**Listed entries**
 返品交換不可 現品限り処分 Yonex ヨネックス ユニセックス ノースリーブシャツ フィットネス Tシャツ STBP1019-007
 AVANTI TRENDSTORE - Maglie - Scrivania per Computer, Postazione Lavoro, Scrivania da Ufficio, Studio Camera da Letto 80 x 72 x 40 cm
...
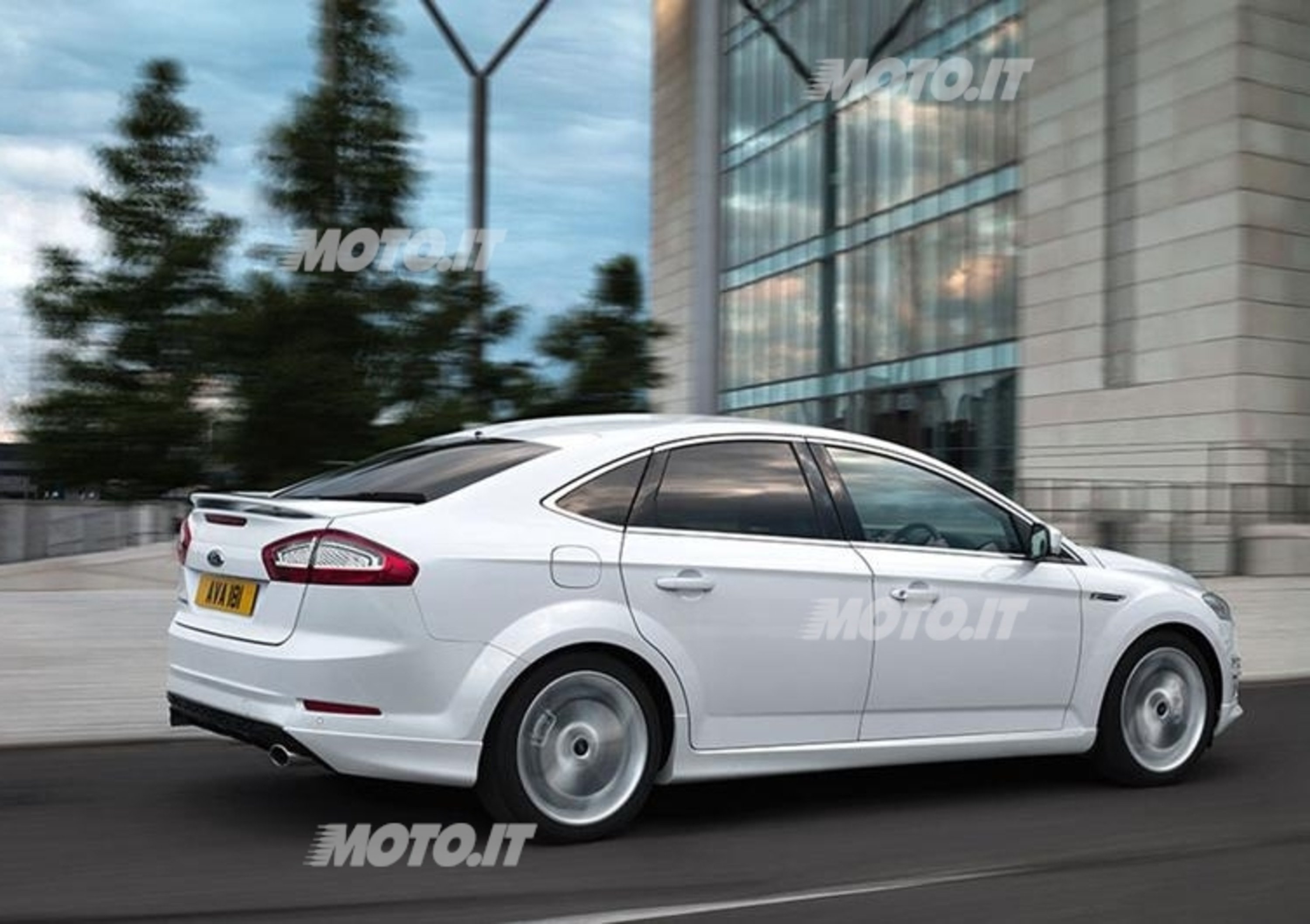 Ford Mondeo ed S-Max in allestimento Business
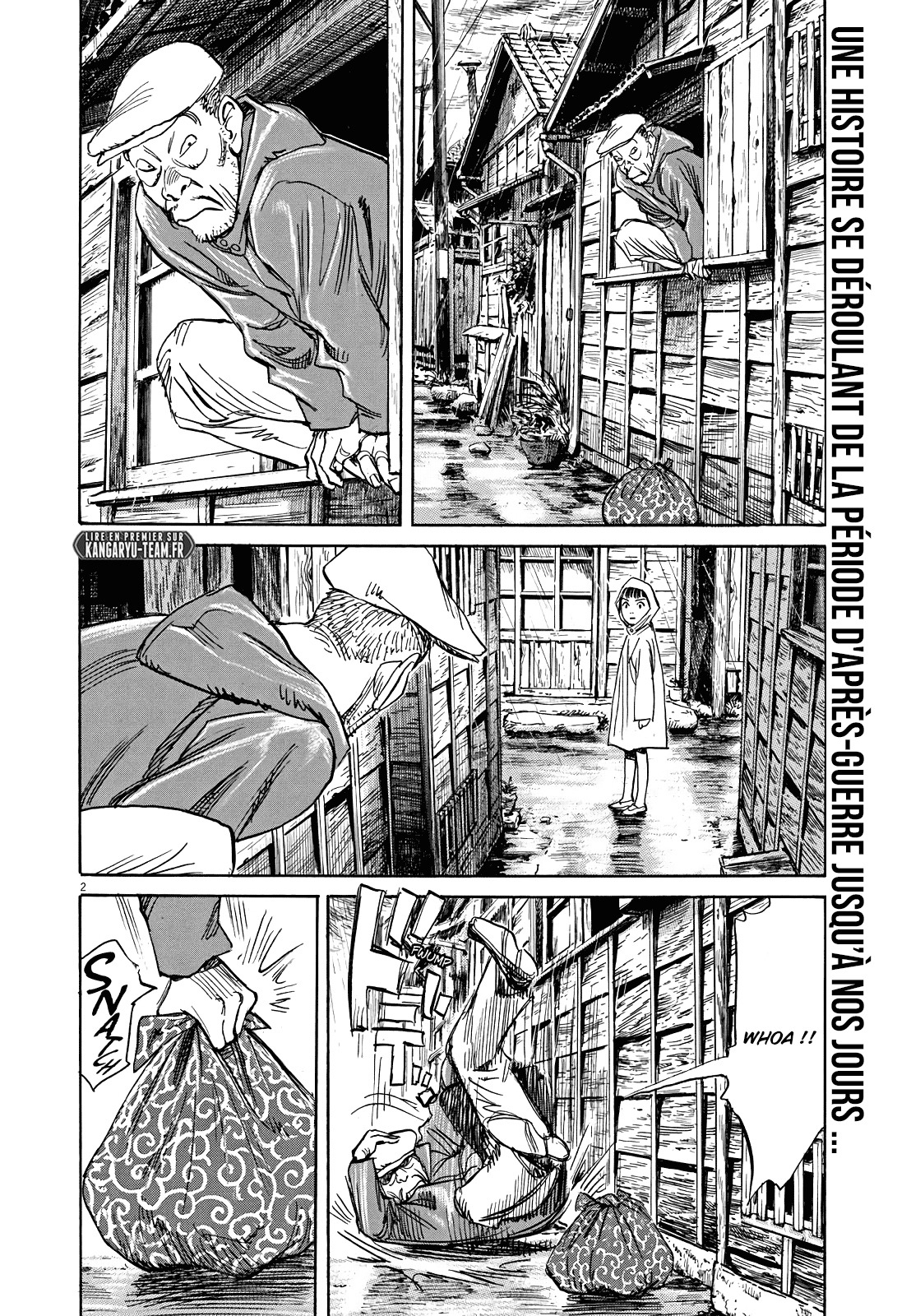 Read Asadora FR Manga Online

**What you are asked to do**
From the entries above, give again exactly the lines running from the line with "返品交換不可 現品限り処分 Yonex" to the line with "AVANTI TRENDSTORE - Maglie"; include both of those lines.

**Solution for this task**
 返品交換不可 現品限り処分 Yonex ヨネックス ユニセックス ノースリーブシャツ フィットネス Tシャツ STBP1019-007
 AVANTI TRENDSTORE - Maglie - Scrivania per Computer, Postazione Lavoro, Scrivania da Ufficio, Studio Camera da Letto 80 x 72 x 40 cm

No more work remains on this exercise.